On appelle "Apocryphes" les écrits extrabibliques contenus dans la Bible catholique (qui se trouvent aussi dans les Bibles oecuméniques. NdE). L'Eglise catholique leur donne le nom de "Deutérocanoniques". Ce sont : Tobie, Judith, Maccabées I et II, le Livre de la Sagesse, l'Ecclésiastique, appelé aussi "Ben Sirach", et Baruch. En font partie aussi certaines additions aberrantes au livre de Daniel : un chapitre 13, relatant l'histoire de "Suzanne", un chapitre 14 avec le récit de "Bel et le Dragon", et au chapitre 3, un ajout appelé "Cantique des trois jeunes gens". Cent sept versets ("Esther Grec") viennent également s'ajouter au livre d'Esther. L'intérêt de ces livres ou de ces ajouts tient au fait qu'ils renseignent sur certains faits historiques survenus pendant les quatre siècles séparant le livre de Malachie de l'Evangile de Matthieu. Mais nous allons expliquer pourquoi ces écrits ne font pas partie de la Parole écrite de Dieu.

Quelques incidences des Apocryphes sur ma vie personnelle
J'ai mis très longtemps à comprendre que les Apocryphes ne se trouvaient pas dans les Bibles chrétiennes ordinaires. Quelques-uns de ces Apocryphes ont eu des incidences profondes sur ma vie. Vers l'âge de huit ans, j'ai mémorisé un verset de Maccabées II 12 :45 : "la pensée de prier pour les morts, afin qu'ils soient délivrés de leurs péchés, est une pensée sainte et pieuse" (1). Cette phrase figurait en effet dans le "Petit Catéchisme" que nous apprenions par cœur à l'école. Elle a eu un grand impact sur moi. Chaque année, le 2 novembre, le "Jour des Morts", je la mettais en pratique. Dans cette école tenue par des Jésuites on m'avait appris que si ce jour-là je priais pour les âmes du purgatoire à chacune de mes visites dans une église, en disant pour chaque âme six "Notre Père", six "Je vous salue, Marie", et six "Gloire soit au Père", à chaque fois, une âme serait délivrée du purgatoire. Alors un certain Jour des Morts, j'ai prié ainsi dans l'église de notre quartier, entrant et ressortant quarante-sept fois, croyant tirer quarante-sept âmes du purgatoire !
Au cours de ma première année de noviciat chez les Dominicains, j'ai dû étudier le chapitre 13 de Daniel.

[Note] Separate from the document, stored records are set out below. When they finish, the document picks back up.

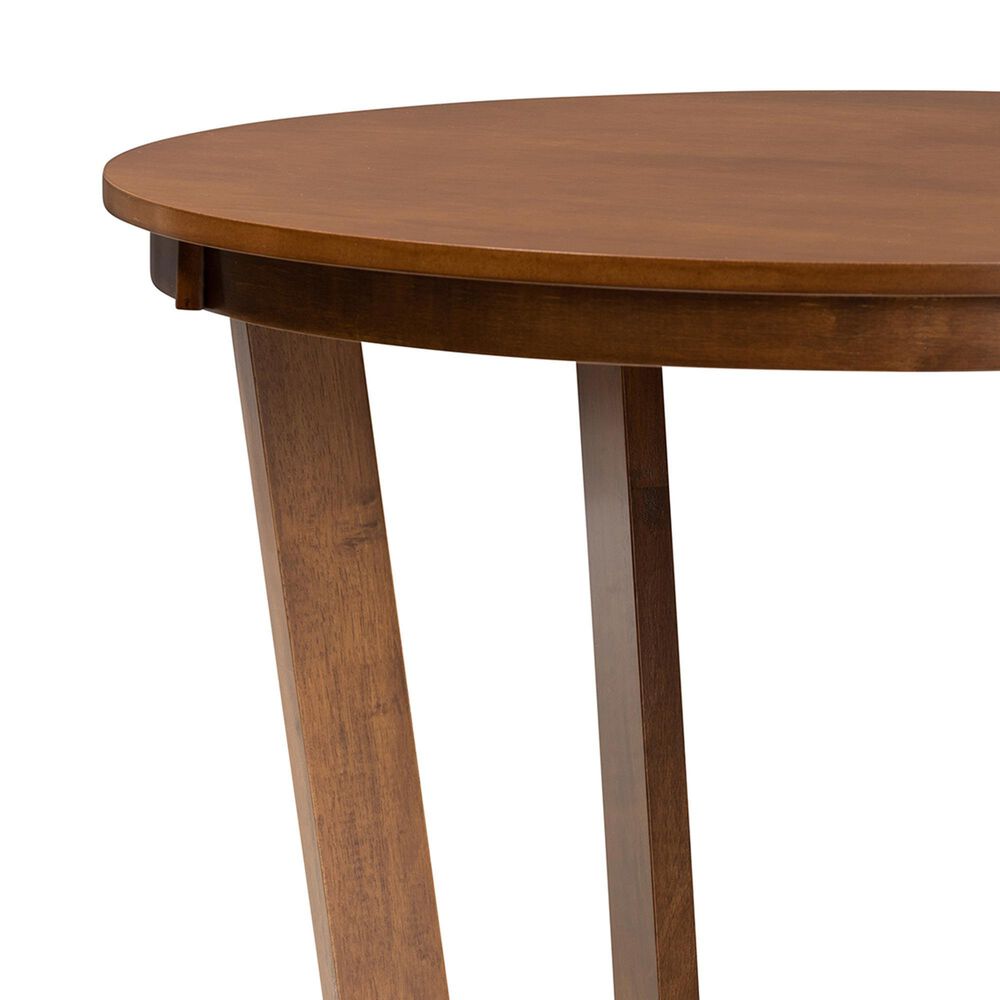 Baxton Studio Alayna Dining Table in Walnut Brown - Table Only, , large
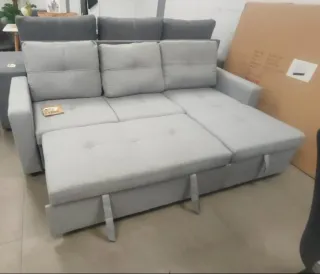 Sofá Cama Chaise Longue con Arcón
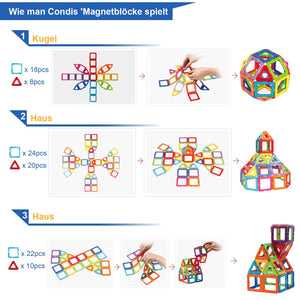 Condis 114Pcs Magnetic Building Blocks Set - Condistoys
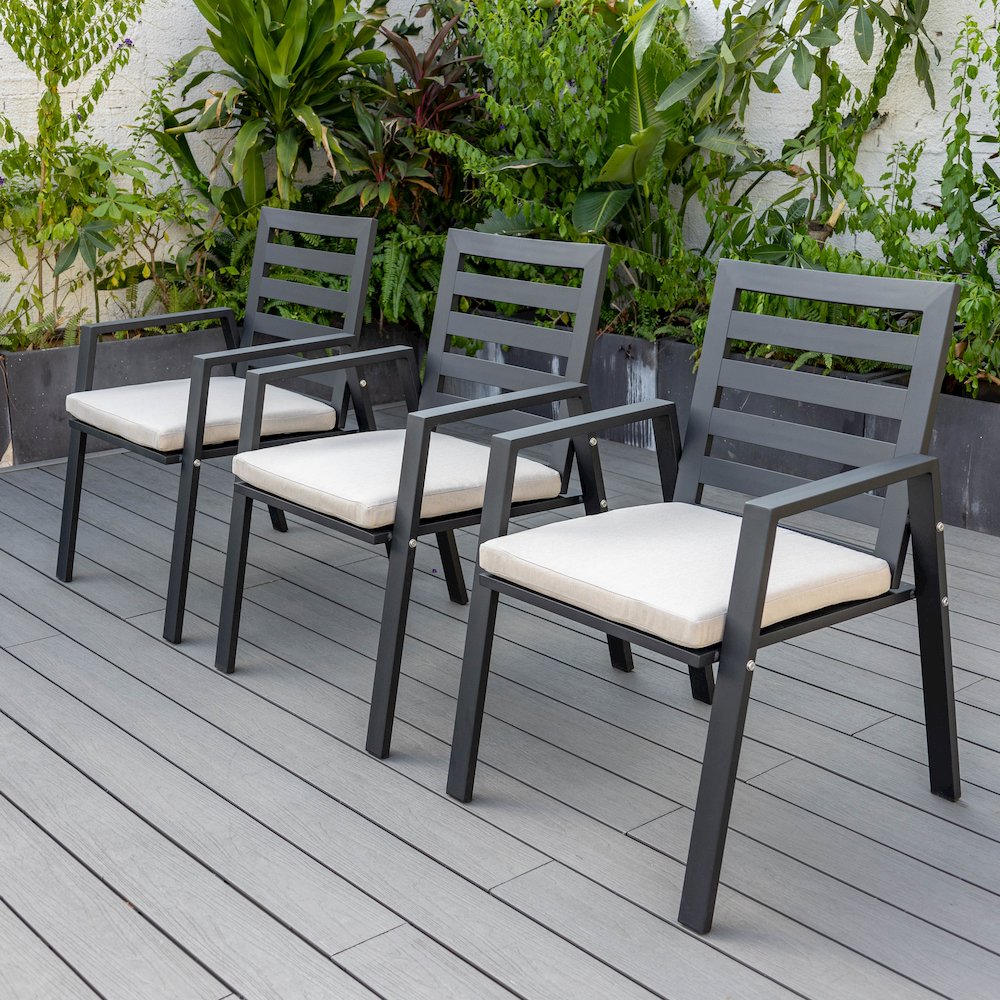 Chelsea Modern Patio Dining Armchair Set of 2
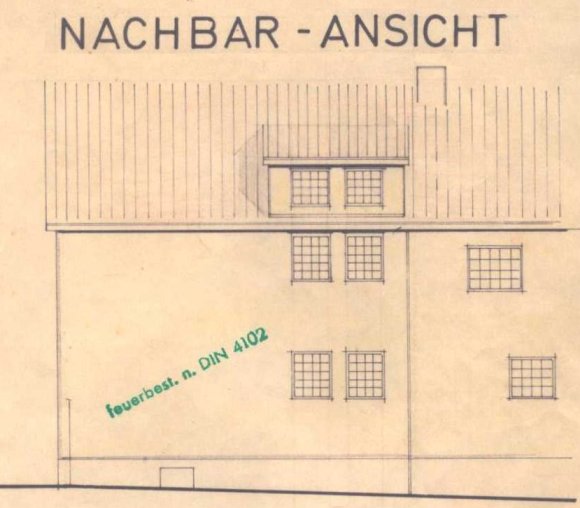 BAU.DE / BAU-Forum: 1. Bild zu Antwort "Bauplan Anbau 80er: Fenster vs. Glasbausteine RLP" auf die Frage "Fenster statt Glasbausteine in Brandwand RLP: Was ist erlaubt? Liegenschaftseintrag, Brandschutz & Kosten" im BAU-Forum "Bauplanung / Baugenehmigung"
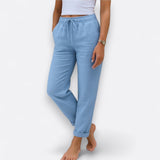 Sara | Calças elásticas de linho respirável Premium - Ines Braga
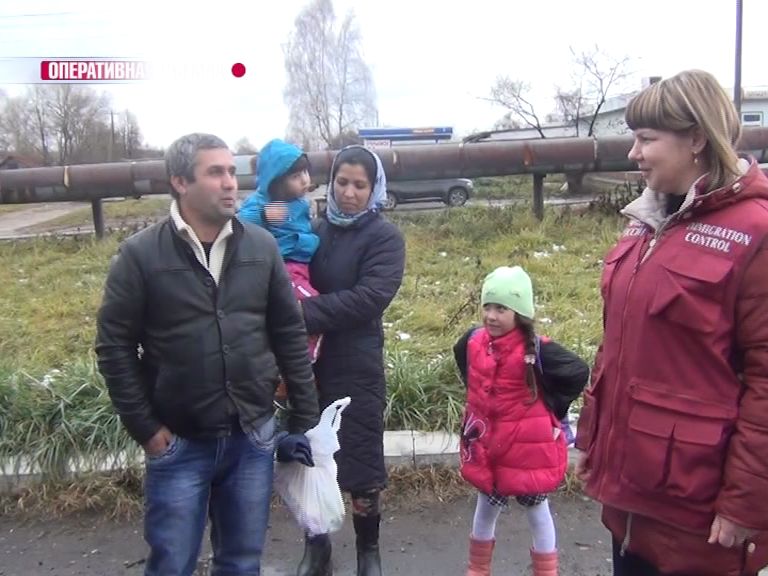 Сотрудники УФМС задержали многодетную семью из Таджикистана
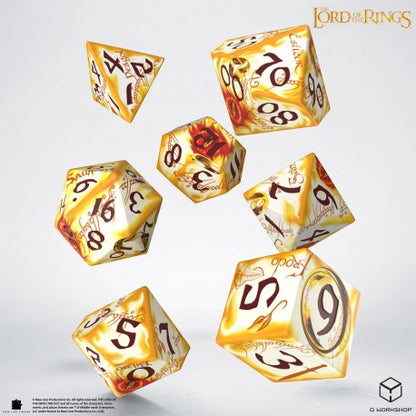 Q WORKSHOP The Lord of the Rings Full Art RPG Würfelset – 7 Würfel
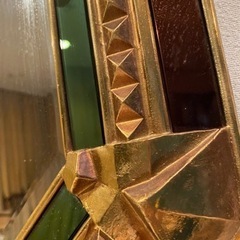 ヨーロッパ製ミラー　鏡　アンティークミラー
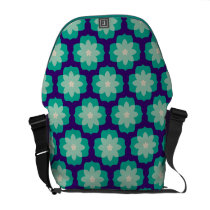 SmaragdPop-Retro Muster kuriertaschen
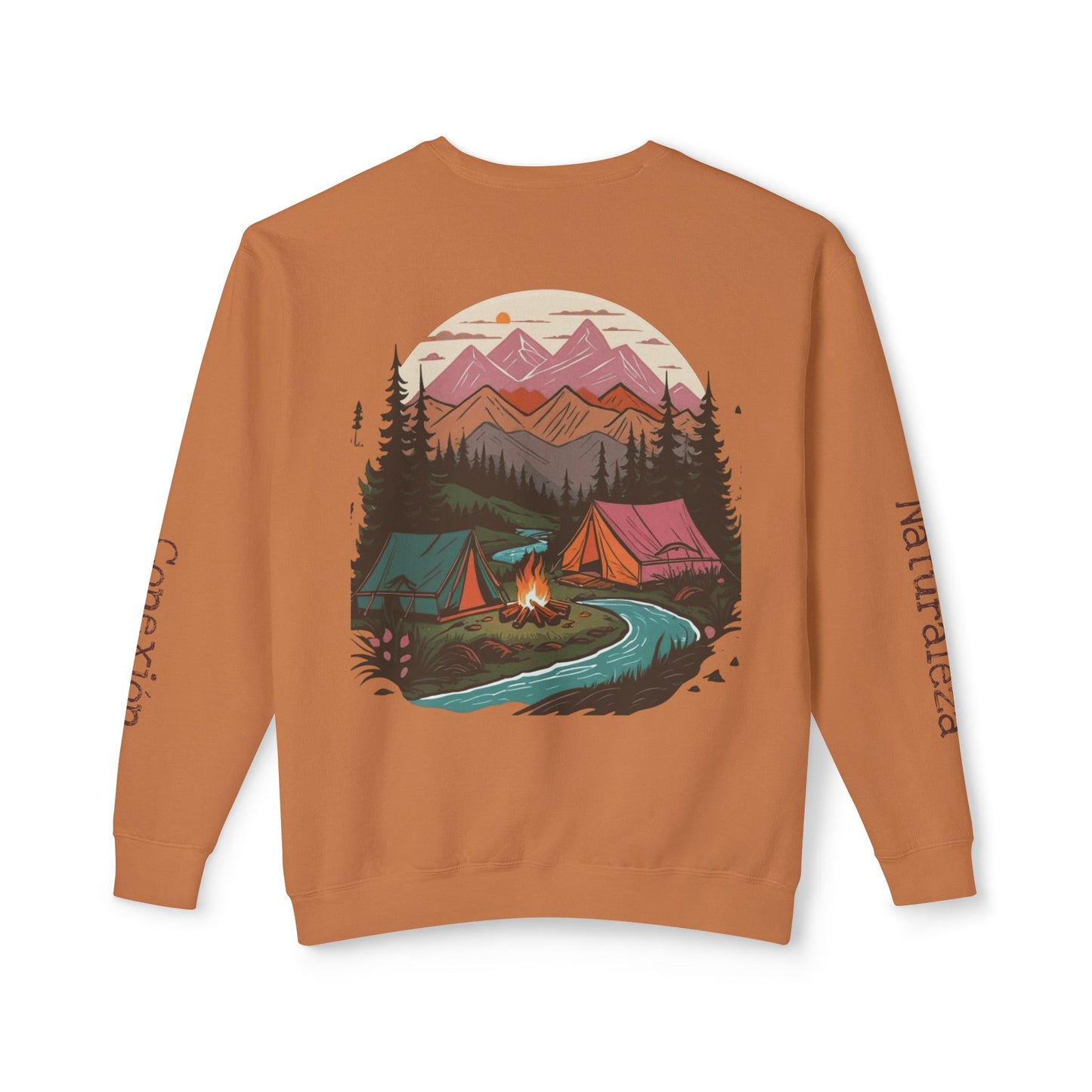 Sudadera para amantes de la naturaleza, sudadera de camping, sudadera de redes sociales, aventurero, viajero, suéter al aire libre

Le comportement immoral et grossier des deux vieillards de ce chapitre 13 m'a scandalisé. Quant au langage et à la tenue morale, ce chapitre-là était sans commune mesure avec les précédents. Bien plus tard seulement, j'ai compris que ce chapitre ne faisait pas partie du Livre de Daniel.
Alors que je me préparais à la prêtrise, je me suis beaucoup intéressé au Livre de Tobie (Livre des actes de Tobit NdE). Je trouvais étrange que Tobit soit devenu aveugle après avoir reçu dans les yeux de la fiente de moineaux. C'était encore plus déconcertant de voir l'ange Raphaël enlever les taches blanches pour guérir Tobit et lui présenter ensuite sa future épouse, Sarra, fille de Ragouël. Bizarrement, Sarra avait déjà eu sept époux qui étaient tous morts sans que le mariage fût consommé. Ce qui me plaisait, en revanche, c'était l'enseignement de l'ange Raphaël : selon lui, par la prière et l'aumône on pouvait sauver son âme ! Cela tombait bien pour m'encourager dans tous mes efforts pour gagner des mérites par les prières et les pénitences.
En raison des erreurs contenues dans les livres et les écrits apocryphes, je tiens ces derniers pour des mines dangereuses enfouies dans la Bible catholique. Pour les lecteurs Catholiques sincères qui ignorent que ces écrits n'ont pas été inspirés par le Saint-Esprit, les conséquences peuvent être navrantes. Il est donc très important d'analyser les enseignements de l'Eglise catholique au sujet de ces livres et de savoir comment on en est arrivé à les inclure dans la Bible catholique.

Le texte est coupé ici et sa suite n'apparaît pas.